Déjà tu étais solidement enraciné dans ces terres avec vue sur notre Dame Liger. Tu avais alors fière allure même si quelques orifices sournois venaient parfois creuser ta surface. Bien ignorant est celui qui veut abattre un arbre parce qu’il a la feuille terne ou l’écorce calleuse. Quand on veut tuer son chien, on l’accuse de la rage, c’est si facile d’oublier les services rendus et ce charme trop désuet pour toucher un cœur de politicien.
C’est curieusement ceux qui aiment à évoquer les français de souche qui abattent des arbres et négligent leurs racines, comme s’ils n’avaient d’autre manière de penser le monde qu’en voulant faire table rase afin de toujours aller de l’avant. L’immobilité des ces grands gardiens de nos quais à de quoi énerver les tenants de l’agitation permanente.
Il est vrai, mon cher platane que quelques-uns de tes congénères se sont honteusement mis en travers de la route de quelques chauffards intrépides appuyant sur le champignon sans jamais goûter véritablement la beauté du paysage.
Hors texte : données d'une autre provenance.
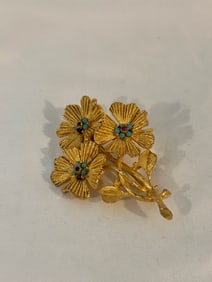 Vintage Gold tone flower Brooch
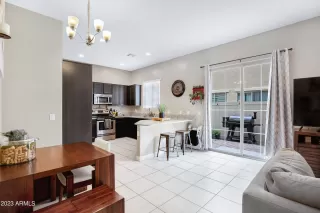 Photo #2: 6538323 Listing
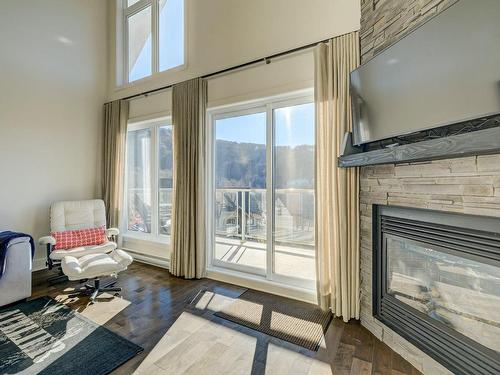 Vue - 303-195 Rue De Bagot, Bromont, QC - Indoor Photo Showing Other Room With Fireplace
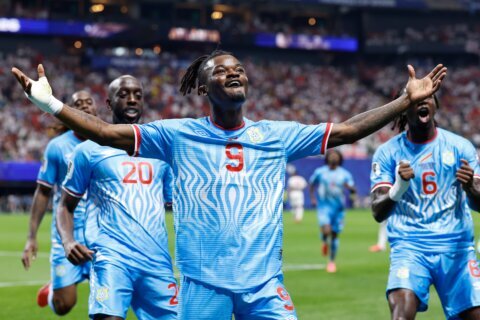 Congo leads England 1-0 at halftime in the round of 32 at the World Cup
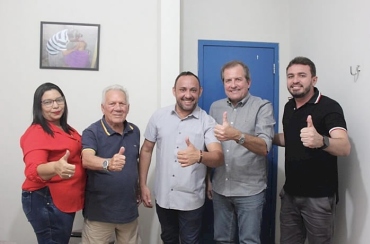 Fábio Tyrone recebe apoio do vice-prefeito e dois vereadores de Bom Jesus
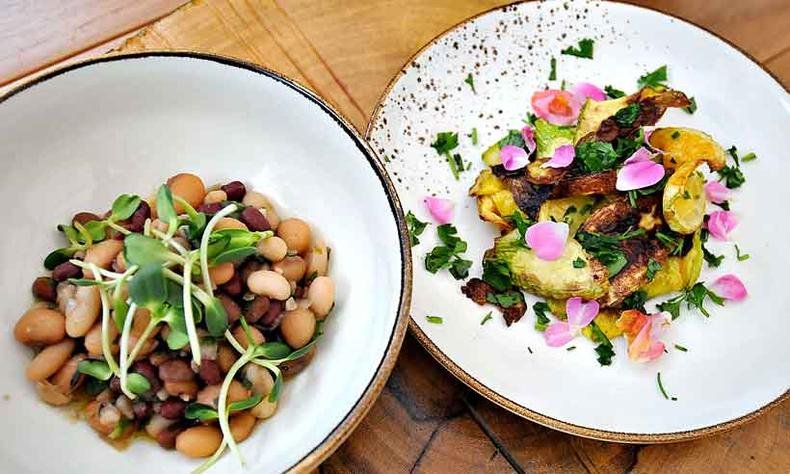 Saladas para entrada: combinado de trs tipos de feijes e outra opo de abobrinha(foto: Alexandre Guzanshe/em/d. a press)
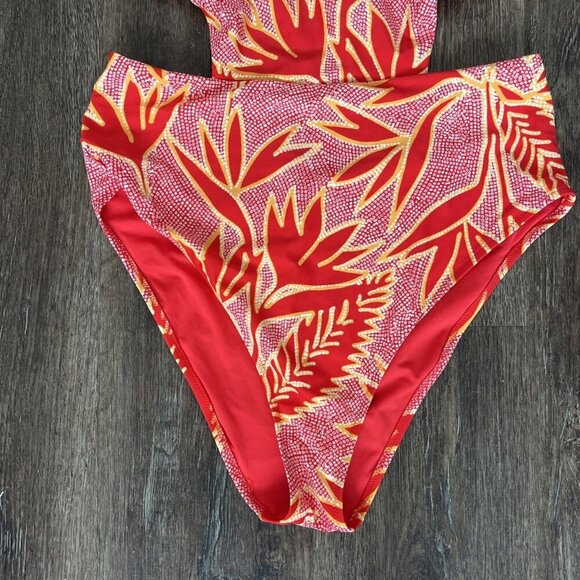 Aerie Red Coral Floral Monokini One Piece Swimsuit Bird of Paradise Open Cut - Picture 4 of 6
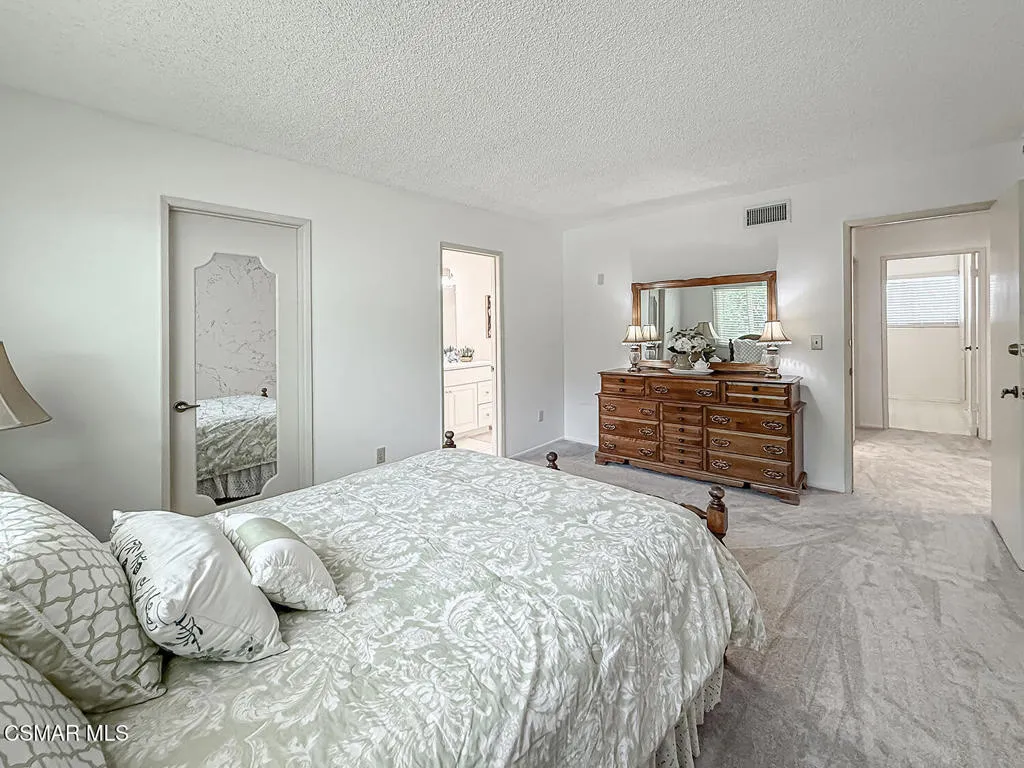 jPrimary Bedroom Suite2
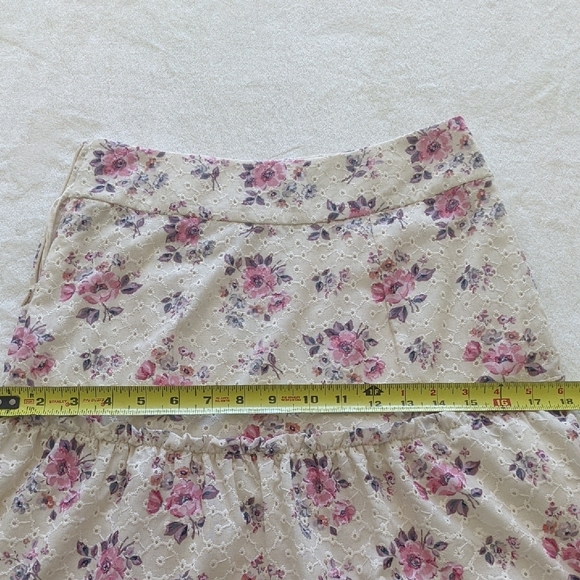 Elegant Floral A-Line Skirt in Cream and Purple - Picture 10 of 13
Par leur faute, tous les arbres furent montrés du doigt, mis à l’index et condamnés aux meurtrissures de la tronçonneuse.
Ajoutons encore que laisser choir ainsi tes feuilles chaque automne a de quoi exaspérer les tenants de l’urbanisation radicale. Pour bien montrer l’incongruité de la chose, c’est armées de souffleuses horriblement bruyantes, que des escouades de la propreté sont envoyées pour débarrasser le bon échevin de ce tapis détestable. Un bon coup de balai ne peut faire l’affaire, il convient d’être de son temps !
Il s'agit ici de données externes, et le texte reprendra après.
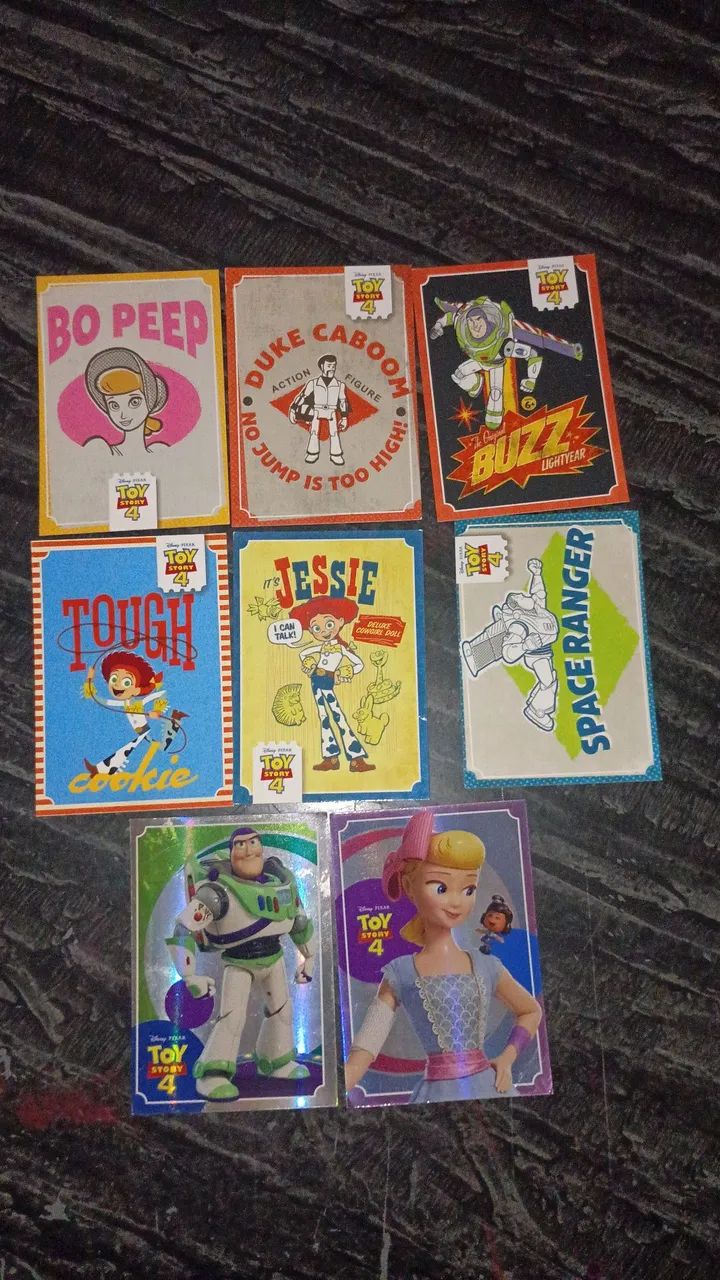 Cards Toy Story e figurinhas do álbum.  - Foto 2
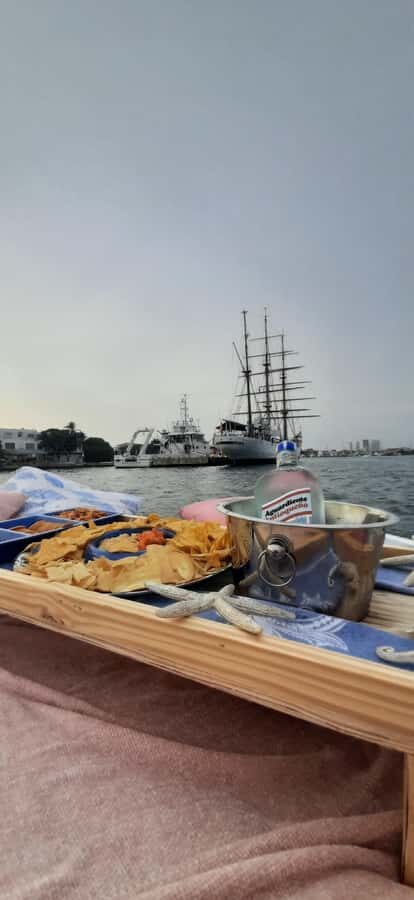 Cartagena: Private Sunset and Night Boat Tour - Why Cartagena’s bay from a boat beats the usual viewpoints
D’ailleurs ce souci resurgira bien vite quand tu auras débarrassé le plancher. La nature a horreur du vide et les trottoirs plus encore. En digne édile dépensier, ton bourreau pensera bien vite qu’il convient d’habiller l’espace mis à nu d’une myriade de potelets qui iront enrichir quelques margoulins notoires. C’est alors seulement que l’homme se rendra compte que tu avais l’immense avantage de priver l’automobiliste indélicat de se garer à ta place.
Bien sûr tout n’est pas parfait au royaume des platanes. Tu entraves l’horizon de quelques privilégiés ayant appartement donnant sur la rivière si tu n’étais pas là. Voilà un point de vue qui se défend à la condition d’oublier que, l’été, ton ombre est bienfaitrice pour ceux de la rive nord. Dans quelques temps, toi parti alimenter quelques chaudières à copeaux, tu seras amèrement regretté et la mairie certainement devra contribuer financièrement pour barrer les rayons ardents de l’astre solaire.
Voilà ce que je voulais dire ici pour prendre ta défense. Tu constateras que je suis de parfaite mauvaise foi, c’est sans doute pour me trouver à armes égales avec ceux qui s’en prennent à toi. J’ai pris la précaution de coucher ce billet non pas sur le papier, pour contribuer à mon tour à la déforestation, sport planétaire d’une civilisation sans repère, mais sur un écran qui ne vaut sans doute guère mieux. Nous avons tous nos contradictions …
Cependant, c’est le conteur qui va conclure. Je suis certain que dans ta blessure, une fée veille et surgira pour nous accorder trois vœux. Le premier, tu le connais, je souhaite te voir ici encore pour longtemps. Le second se tournera vers la Loire qui mérite d’être un peu plus considérée en la belle cité d’Anne de Beaujeu. Quant au dernier, c’est tout naturellement vers la grande tradition du lieu que je me tourne. J’espère qu’en écrivant ce petite texte taquin, je n’ai pas agi comme un éléphant dans une faïencerie. Courage à toi mon filleul, accroche toi au bitume, ta place est nulle part ailleurs qu’en bordure de notre Loire.